(Collected data entries)
++++++++

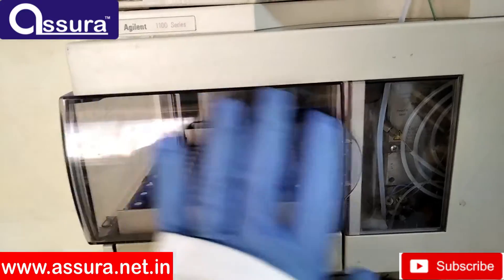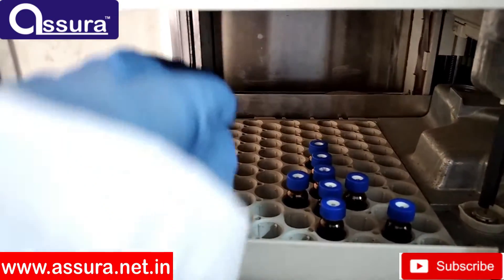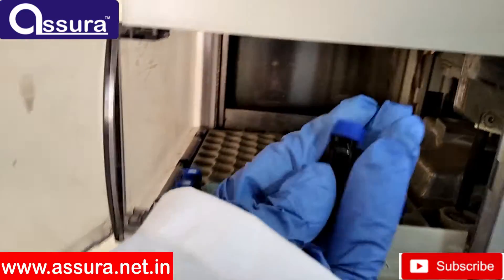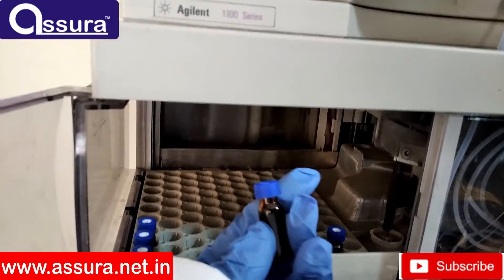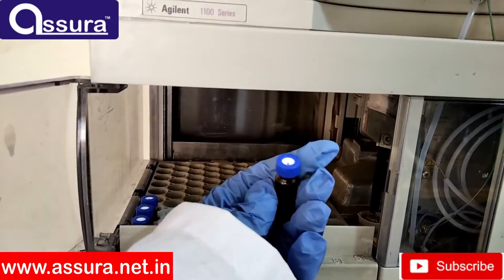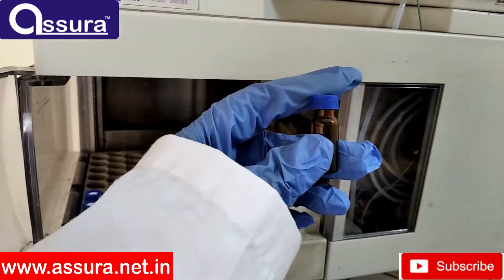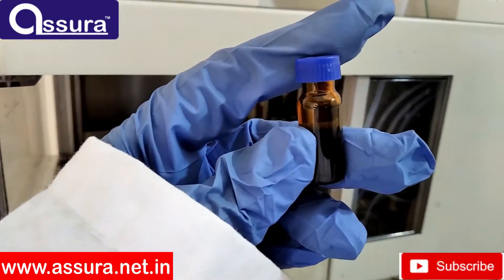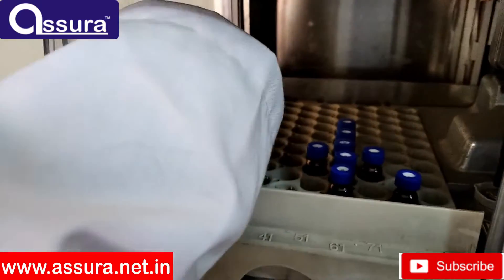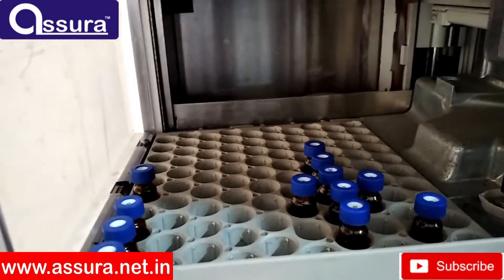Now the vials. These are the HPLC vials which have a capacity of 2 mL. These vials are transparent and in amber color for light-sensitive samples. These vials have a blue color cap with a septum to close the vial. Sample solution is filled up to the 1-point alignment of the vial to avoid bubble formation. Many companies use this vial for one-time analysis to avoid contamination, but it can be reused after washing.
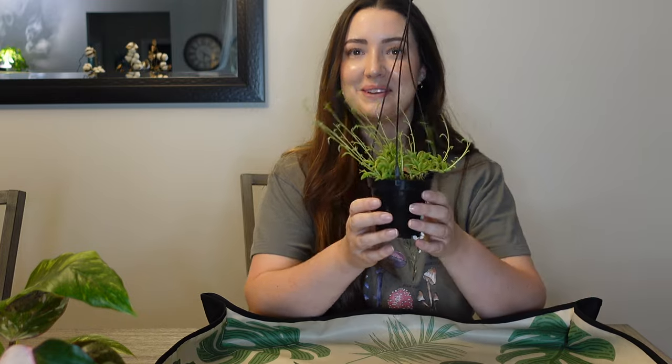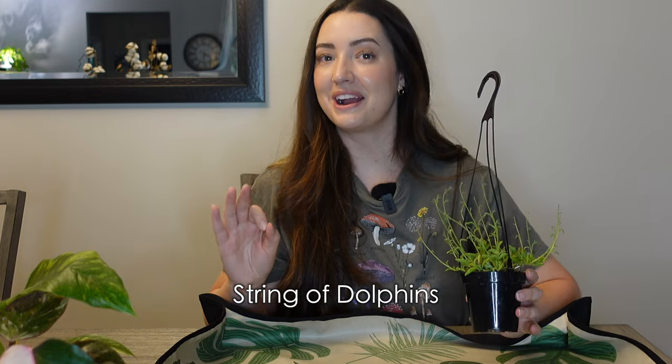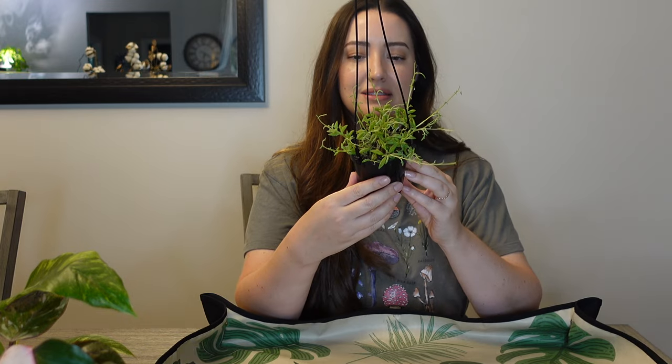This one here is hilarious because of the way that it's growing right now — you're not going to be able to make it out until I show you up close. This is a string of dolphins. I have been looking for a string of dolphins forever and I finally found one at Lowe's. It was like the fifth store I went to — I wasn't going to run in there but I did, and I found it and I was so happy. It was $7.98, not too expensive, and I'm really excited.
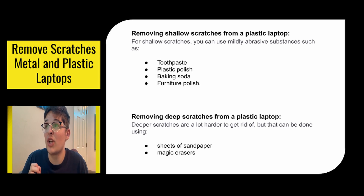For removing shallow scratches from a plastic laptop, you can use mildly abrasive substances such as toothpaste, plastic polish, baking soda, and furniture polish. We had toothpaste and baking soda in the other methods, but plastic polish and furniture polish can also work pretty well.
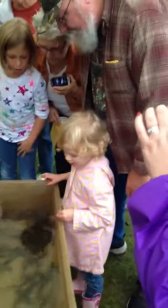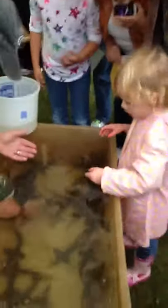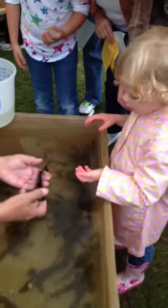Uncle Jake, alrighty, let's see which one do we want. We want one that's swimming around. Oh, here we go.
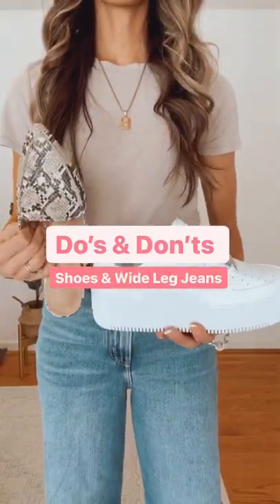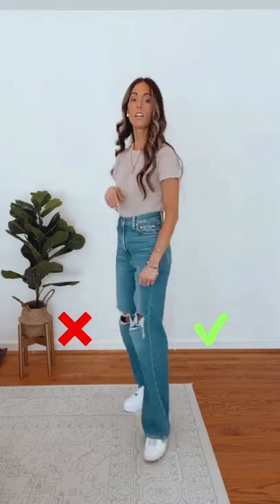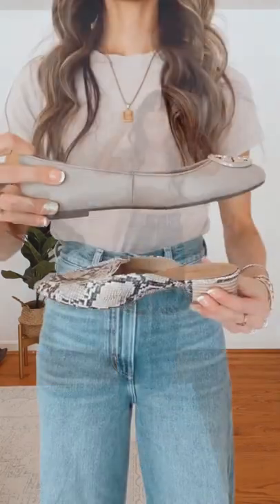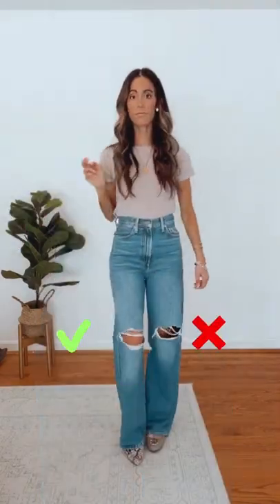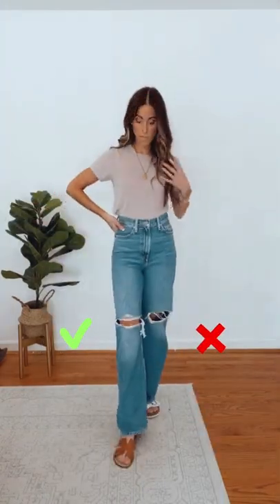The do's and don'ts of pairing shoes and wide leg jeans. Choose a low profile or platform sneaker to avoid any competition with the jean itself. Choose a mule to elongate the leg and draw the eye down. Opt for a daintier sandal for a lighter look and feel.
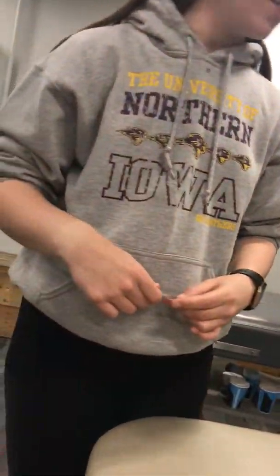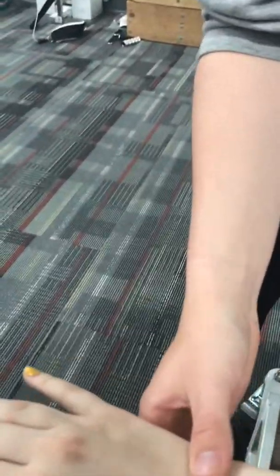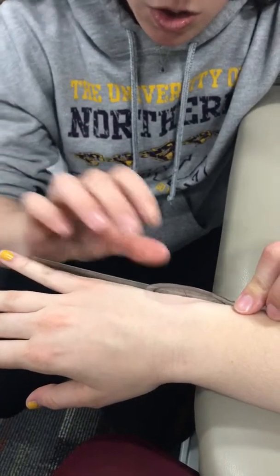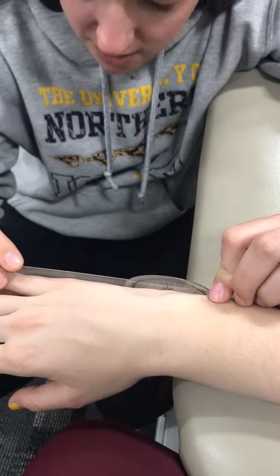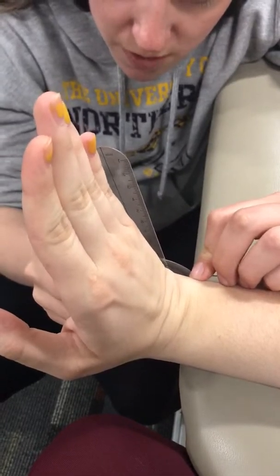Starting with active range of motion wrist extension. Have the patient seated with their arm at their side and hand off the end of the examining table. Have them demonstrate the motion, then place the fulcrum over the ulnar side of the joint line, the stationary arm along the midline of the forearm, and the motion arm over the midline of the fifth finger. Normal range of motion is 75 to 85 degrees; she's at 84, which is within normal.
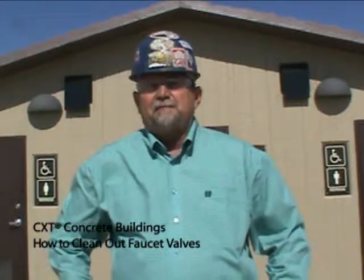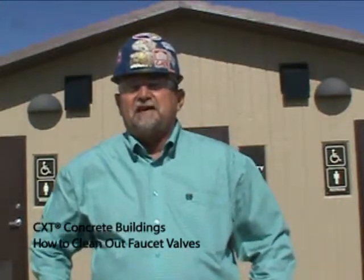All of us here at CXT would like to thank you for purchasing what we feel is the best built concrete modular building in the world. This short video is going to explain some of the things you can do to maintain your investment for years to come.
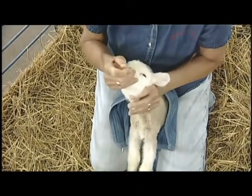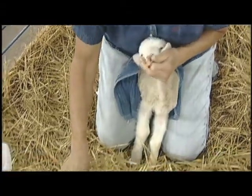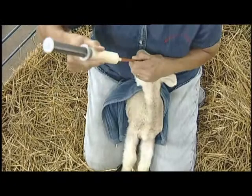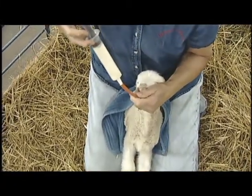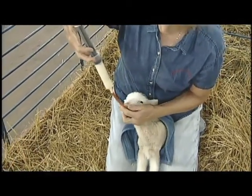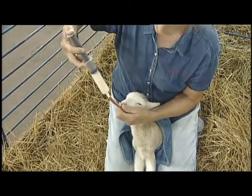We're guiding the catheter down to the end of the mouth. We want to get it far enough in so that it's not right at the epiglottis. Now Holly is administering the milk with a 60 cc syringe and gently inserting the milk.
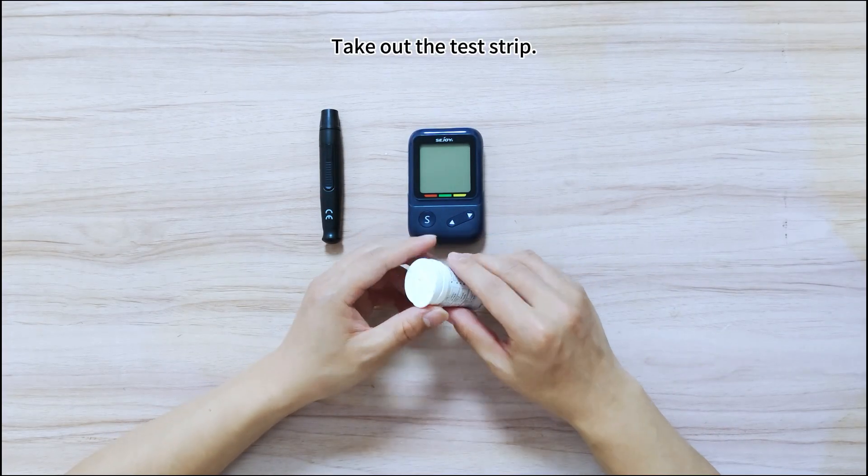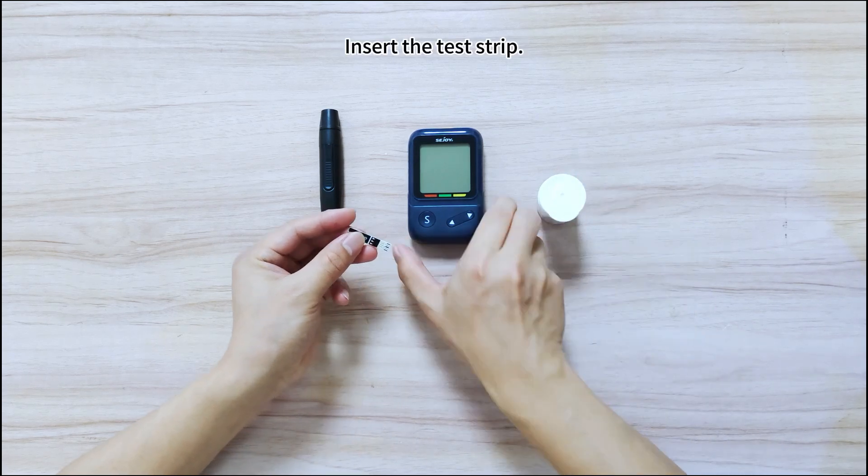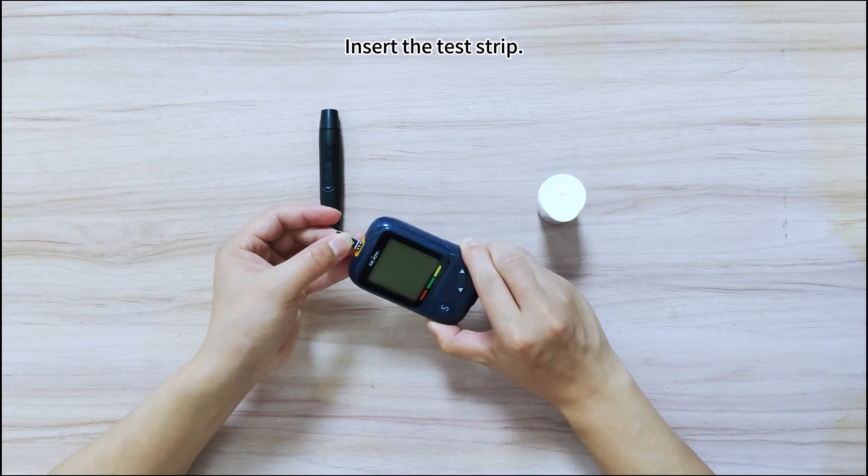Use the test strip immediately after you open the bottle. Insert the test strip and check the flashing mark on the screen.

++++++++

ABOUT THIS TASK
Drop the pictures and set down the data above exactly.

REPLY
Now the vials. These are the HPLC vials which have a capacity of 2 mL. These vials are transparent and in amber color for light-sensitive samples. These vials have a blue color cap with a septum to close the vial. Sample solution is filled up to the 1-point alignment of the vial to avoid bubble formation. Many companies use this vial for one-time analysis to avoid contamination, but it can be reused after washing.
This one here is hilarious because of the way that it's growing right now — you're not going to be able to make it out until I show you up close. This is a string of dolphins. I have been looking for a string of dolphins forever and I finally found one at Lowe's. It was like the fifth store I went to — I wasn't going to run in there but I did, and I found it and I was so happy. It was $7.98, not too expensive, and I'm really excited.
For removing shallow scratches from a plastic laptop, you can use mildly abrasive substances such as toothpaste, plastic polish, baking soda, and furniture polish. We had toothpaste and baking soda in the other methods, but plastic polish and furniture polish can also work pretty well.
Uncle Jake, alrighty, let's see which one do we want. We want one that's swimming around. Oh, here we go.
The do's and don'ts of pairing shoes and wide leg jeans. Choose a low profile or platform sneaker to avoid any competition with the jean itself. Choose a mule to elongate the leg and draw the eye down. Opt for a daintier sandal for a lighter look and feel.
Starting with active range of motion wrist extension. Have the patient seated with their arm at their side and hand off the end of the examining table. Have them demonstrate the motion, then place the fulcrum over the ulnar side of the joint line, the stationary arm along the midline of the forearm, and the motion arm over the midline of the fifth finger. Normal range of motion is 75 to 85 degrees; she's at 84, which is within normal.
All of us here at CXT would like to thank you for purchasing what we feel is the best built concrete modular building in the world. This short video is going to explain some of the things you can do to maintain your investment for years to come.
We're guiding the catheter down to the end of the mouth. We want to get it far enough in so that it's not right at the epiglottis. Now Holly is administering the milk with a 60 cc syringe and gently inserting the milk.
Use the test strip immediately after you open the bottle. Insert the test strip and check the flashing mark on the screen.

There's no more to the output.